▸ **Instructions for the task**: With all images omitted, write out the records word for word.

(Stored records)
○ ○ ○ ○

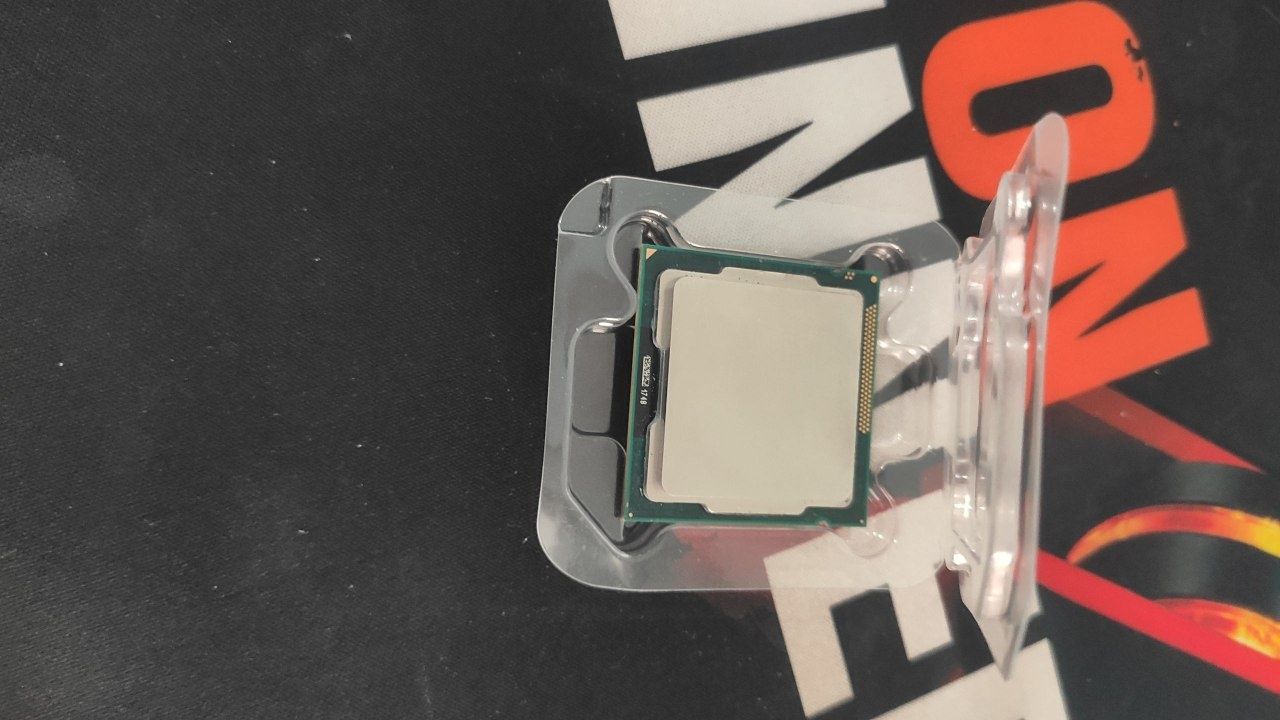 Процессор Intel core i3 2120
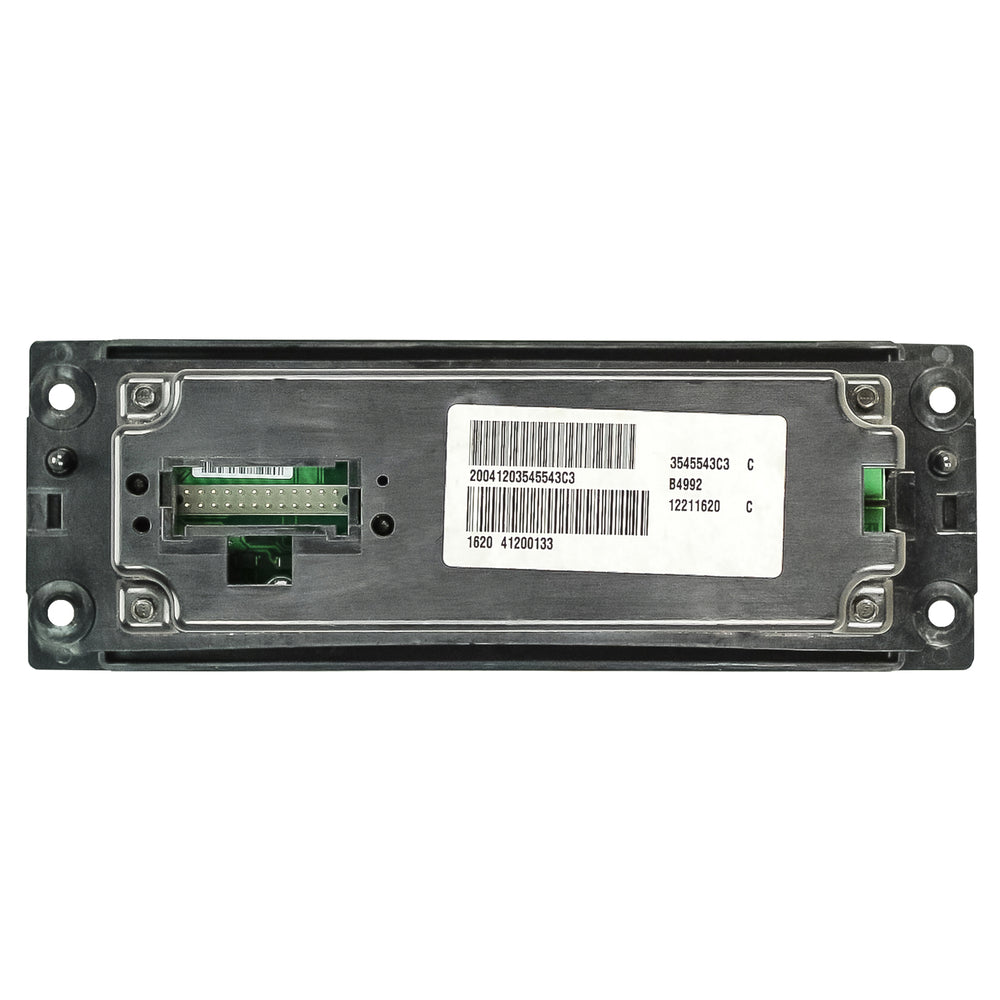 Control Head 02-04 Int Truck 4000/4300 29-30319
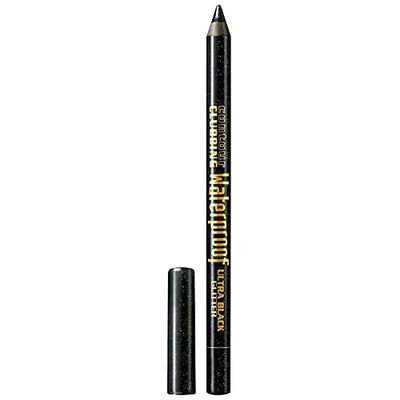 Bourjois 29101332055 eyeliner, Ultra Svart Glitter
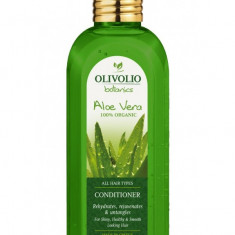 Balsam cu aloe vera, toate tipurile de par 200 ml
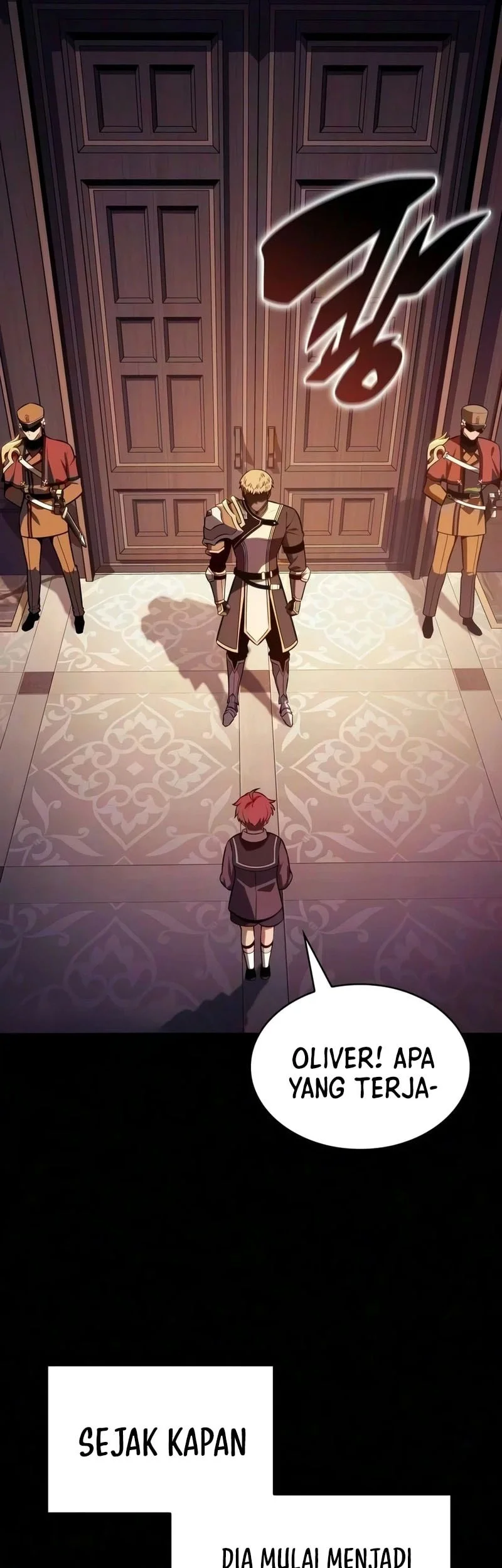 The Regressed Son Of A Duke Is An Assassin Chapter 130 Gambar 31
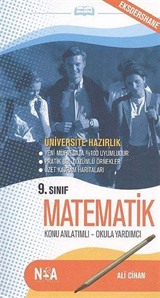 9. Sınıf Matematik Konu Anlatımlı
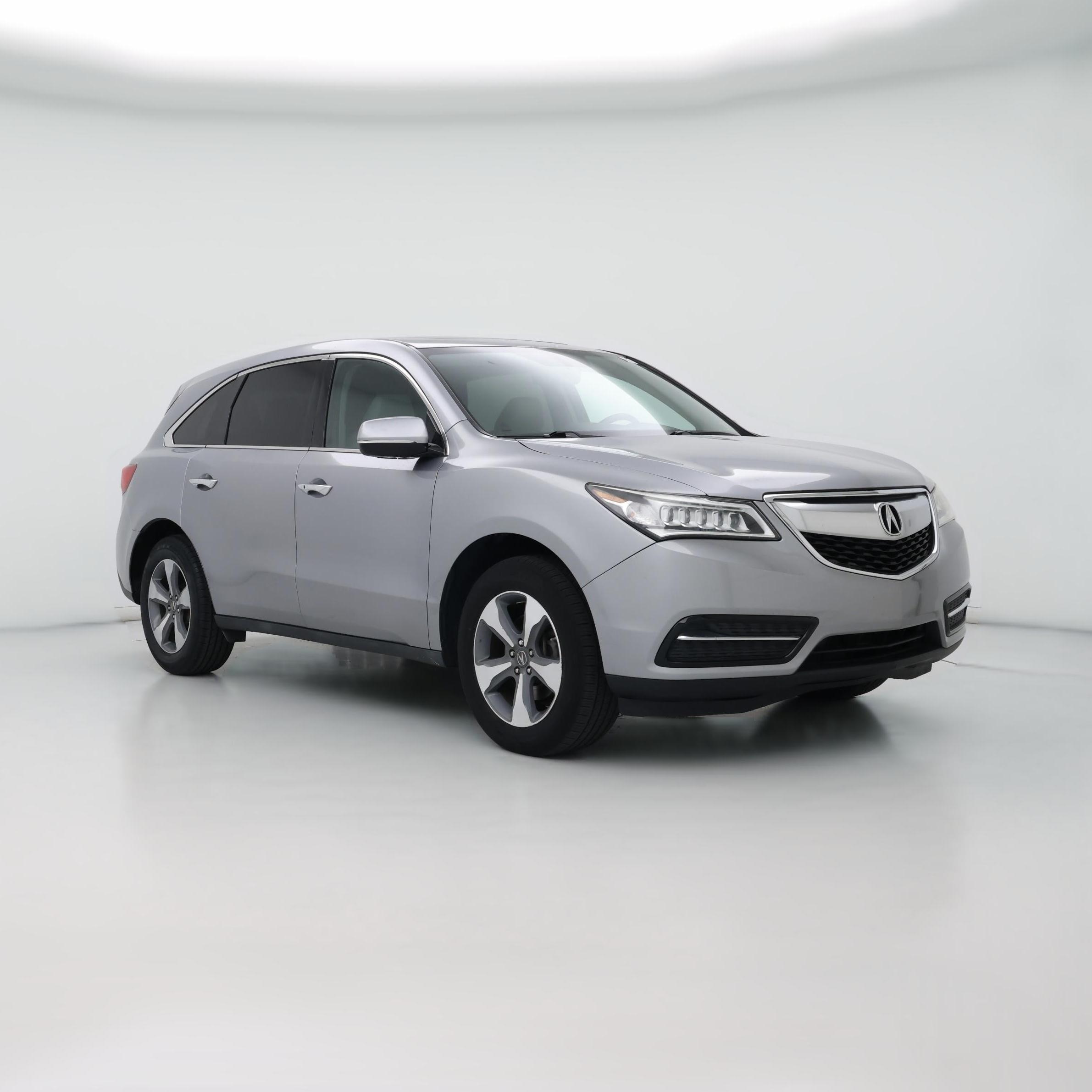 Thumbnail: 2016 Acura MDX - 1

○ ○ ○ ○

▸ **Solution for this exercise**:
 Процессор Intel core i3 2120
 Control Head 02-04 Int Truck 4000/4300 29-30319
 Bourjois 29101332055 eyeliner, Ultra Svart Glitter
 Balsam cu aloe vera, toate tipurile de par 200 ml
 The Regressed Son Of A Duke Is An Assassin Chapter 130 Gambar 31
 9. Sınıf Matematik Konu Anlatımlı
 Thumbnail: 2016 Acura MDX - 1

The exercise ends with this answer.